- _Exercise_
All of the data should be output character for character, except the pictures.

- _Short text fragments from websites_

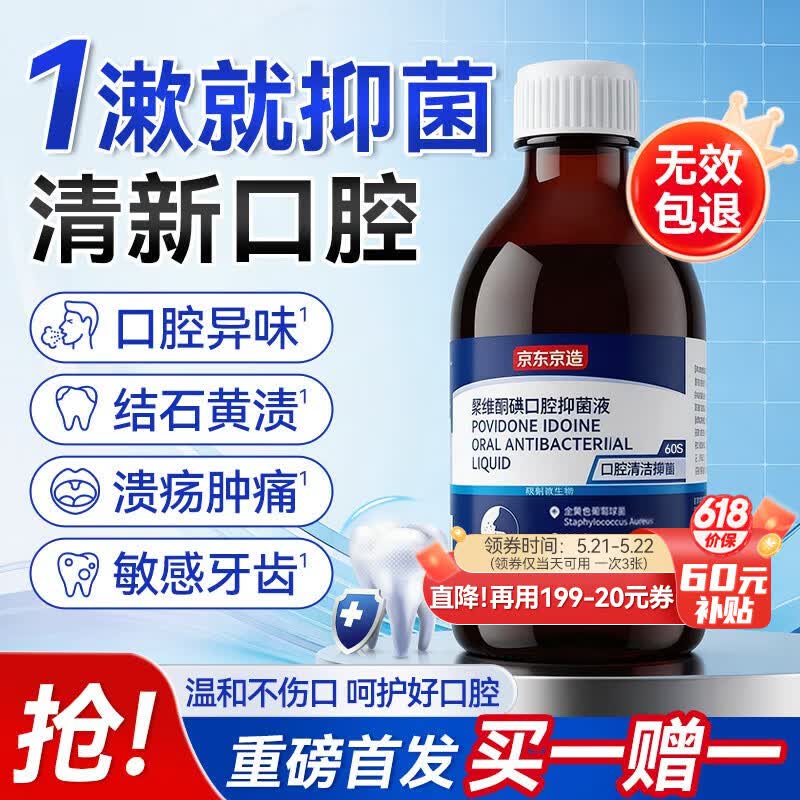 京东京造【进口】碘伏漱口水300ml聚维酮碘漱口液杀菌消除口臭炎牙结石
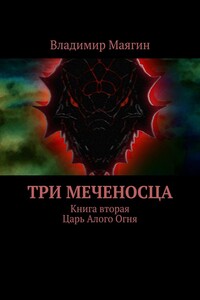 Три Меченосца. Книга вторая. Царь Алого Огня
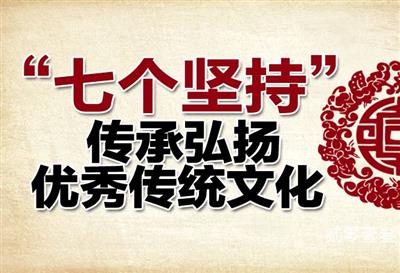 國(guó)務(wù)院辦公廳印發(fā)《關(guān)于實(shí)施中華優(yōu)秀傳統(tǒng)文化傳承發(fā)展工程的意見》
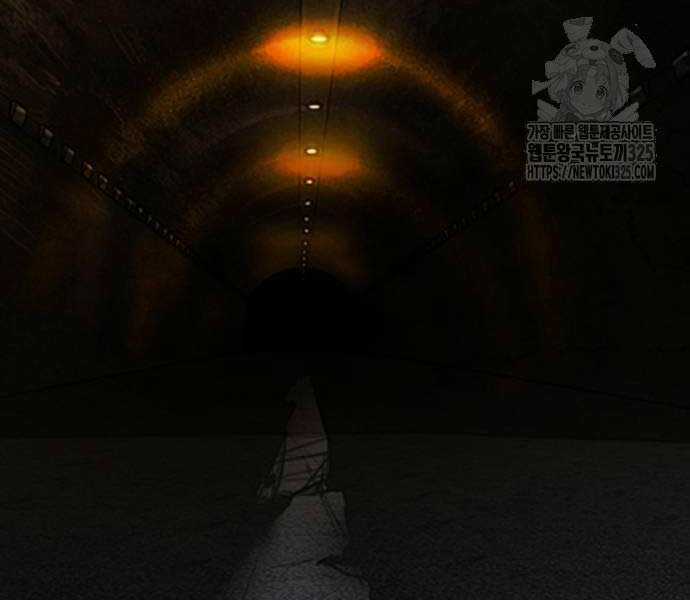 Thể Thao Cực Hạn Xem thể thao trực tiếp trực tuyến Chapter 486 trang 250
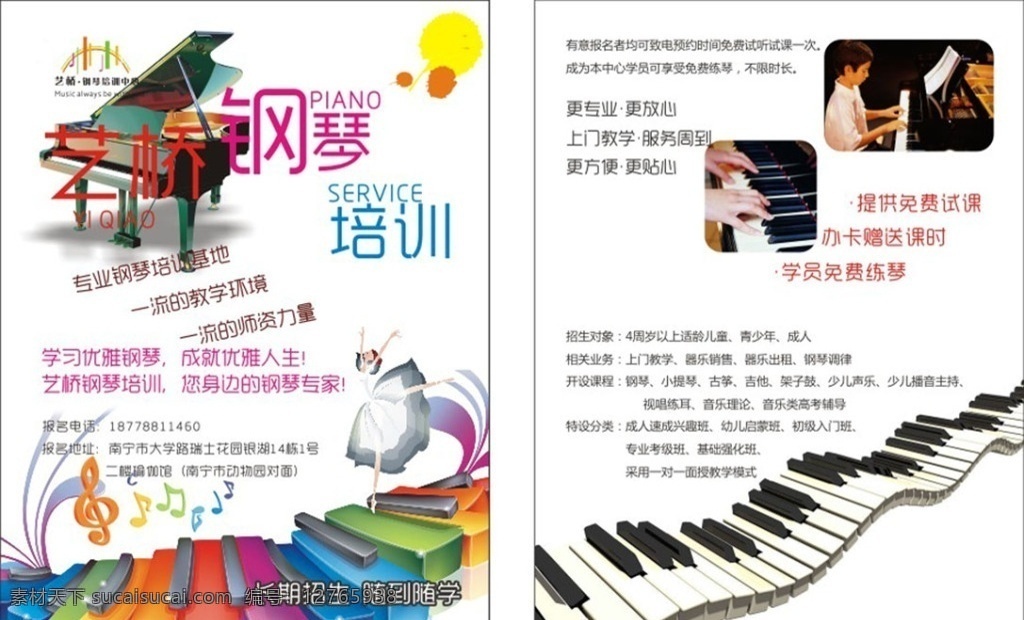 钢琴 培训 宣传页 钢琴培训 单页免费下载 单页 海报 彩页 dm单 矢量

- _Response below_
 京东京造【进口】碘伏漱口水300ml聚维酮碘漱口液杀菌消除口臭炎牙结石
 Три Меченосца. Книга вторая. Царь Алого Огня
 國(guó)務(wù)院辦公廳印發(fā)《關(guān)于實(shí)施中華優(yōu)秀傳統(tǒng)文化傳承發(fā)展工程的意見》
 Thể Thao Cực Hạn Xem thể thao trực tiếp trực tuyến Chapter 486 trang 250
 钢琴 培训 宣传页 钢琴培训 单页免费下载 单页 海报 彩页 dm单 矢量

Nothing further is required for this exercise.